By Lindsay Wise, Olivia Beavers and Siobhan Hughes
WASHINGTON -- A resolution to rein in President Trump's powers to wage war in Venezuela was narrowly defeated in the House, after Republican leaders hustled a lawmaker back from Texas to cast the deciding vote.
The resolution would have prohibited U.S. troops from being deployed in the country without authorization by Congress. It failed in a tie vote of 215-215. The Senate previously advanced and then rejected a similar measure after threats from Trump.
When the allotted time for voting on the bill expired, the resolution's supporters had a 215-214 lead, setting up a possible embarrassment for party leaders and the president. But Republican leaders held open the vote longer than usual to await the arrival of Rep. Wesley Hunt (R., Texas), who has been campaigning for Senate in his home state for much of the month.
Members of the leadership sent U.S. Capitol Police to meet Hunt when his flight landed at Washington Dulles International Airport and escort him to the Capitol, people familiar with the matter said.
Before he arrived, Democrats began chanting for Republicans to close the vote. "Order! Order!" they shouted. "Close the vote, this is serious!" shouted Rep. Pat Ryan (D., N.Y.), a West Point classmate of Hunt's.
Hunt's "no" vote created a tie and prevented the resolution from passing. He didn't take any questions from reporters on his way out of the building, responding to questions about his attendance with remarks about a snowstorm that is expected to hit the district.
A Hunt spokesman said Hunt "left the campaign trail, rushed to Washington, and delivered the deciding vote that nuked the radical Democrats' plan to block President Trump from securing the Western Hemisphere."

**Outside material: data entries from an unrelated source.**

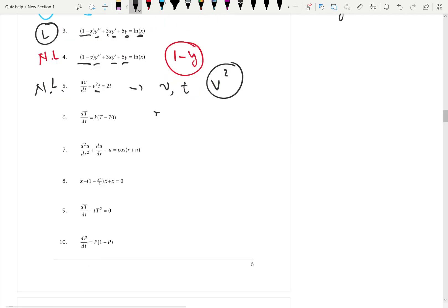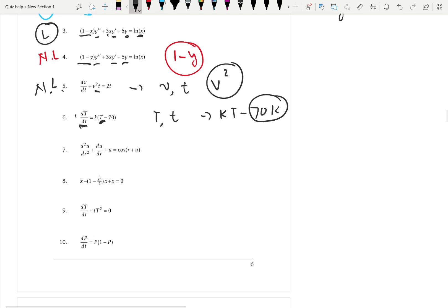Sixth example: the dependent variable is capital T, independent variable is simple t. Checking degrees: capital T to the power 1, k is a constant — no problem. dT over dt has degree 1, so the first condition is satisfied. The coefficient of dT over dt is 1, and the coefficient of capital T is k, a constant — second condition satisfied. Expanding, the non-coefficient function is 70k, which is a constant, so the third condition is also satisfied. This is a linear differential equation.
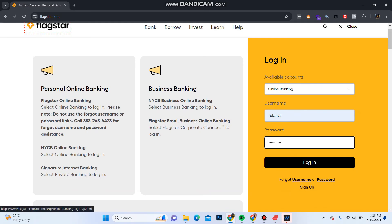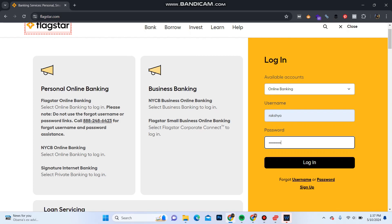So this was it for this video — this is how you can login into your Flagstar Bank account. Hope you guys understand and find our video helpful. If you did, please do not forget to hit the like button and subscribe to our channel, also hit the bell icon for the latest videos. Drop a comment for reviews and more content like this. I will see you guys again in our next video — thank you guys for watching.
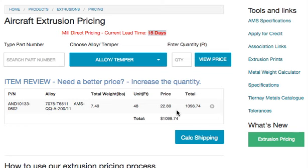And there you have it. This is the end of the tutorial for extrusion pricing — buy lots of metal from MS Aerospace Materials.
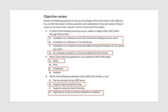Objective review: Question 1 — In which scenarios can you deploy Office 365 Pro Plus through Click to Run? Installation on a Windows Server 2012 R2 Remote Desktop Services server is not possible. Installation on a Windows to Go USB device is not possible. Installation on computers on networks isolated from the internet is also not possible. Question 2 — Which applications are available as Office Web Apps? Word and PowerPoint are available; Visio and InfoPath are not. Question 3 — Which statements about Office 365 Pro Plus are true? B: Supports streamed servicing, and D: Applications can be run before installation completes.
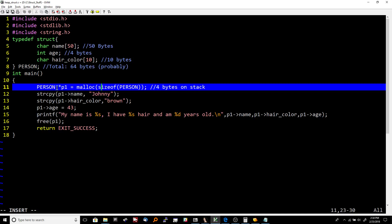The first thing that we do is create a struct person pointer on the stack, and that pointer on the stack points to the actual struct person which we throw on the heap right here. Then what we do is populate each one of those members with different pieces of data, and then we use printf to print out the data. Then we free it and return.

Republicans have a 218-213 majority in the chamber. Two GOP lawmakers -- Rep. Thomas Massie of Kentucky and Don Bacon of Nebraska -- sided with Democrats on the measure, a day after Trump backed off on his threats to seize Greenland by force and dropped plans to impose 10% tariffs on European allies that had opposed a U.S. takeover of the island, which is controlled by Denmark.
Massie said if members of Congress didn't act, they would be acquiescing to executive overreach, whether by the current Republican president or a future Democratic one. "We are rendering impotent our branch of government," Massie said during debate on the House floor ahead of the vote.
Republican opponents of the resolution said it was invalid because there are no longer any U.S. troops on the ground in Venezuela. The language of the bill said it would "direct the removal of United States Armed Forces from Venezuela that have not been authorized by Congress."
"There are no troops in Venezuela," said Rep. Brian Mast (R., Fla.) during the debate Thursday. "An operation that's over before breakfast? That's not a war."
Mast, who chairs the House Foreign Affairs Committee, said it would be stupid for anyone to support the resolution. "It would be like them calling me today to take a pie out of the oven that we all ate a month ago," he said.
Rep. Jim McGovern (D., Mass.) countered that Republicans previously argued that it was too early to vote for a war-powers resolution and now they were arguing that it is too late.
By Mast's logic, McGovern said, the president "should be able to launch a pre-emptive nuclear war without congressional authorization. That's nuts." McGovern said lawmakers' constituents "did not send us here to be potted plants while the White House sleepwalks us into another mess."
Wall Street Journal polling this month found that voters see a role for Congress in consulting with Trump on action in Venezuela.
Respondents were about evenly divided over the U.S. military action seizing former Venezuelan President Nicolás Maduro and bringing him to the U.S. for trial on drug-trafficking charges, with 49% in support and 47% opposed.
Two weeks ago, five Senate Republicans voted with Democrats to advance a similar war-powers resolution in the aftermath of the raid to remove Maduro. The Trump administration justified that raid as a law-enforcement operation, supported by Delta force operators on the ground and Navy ships offshore.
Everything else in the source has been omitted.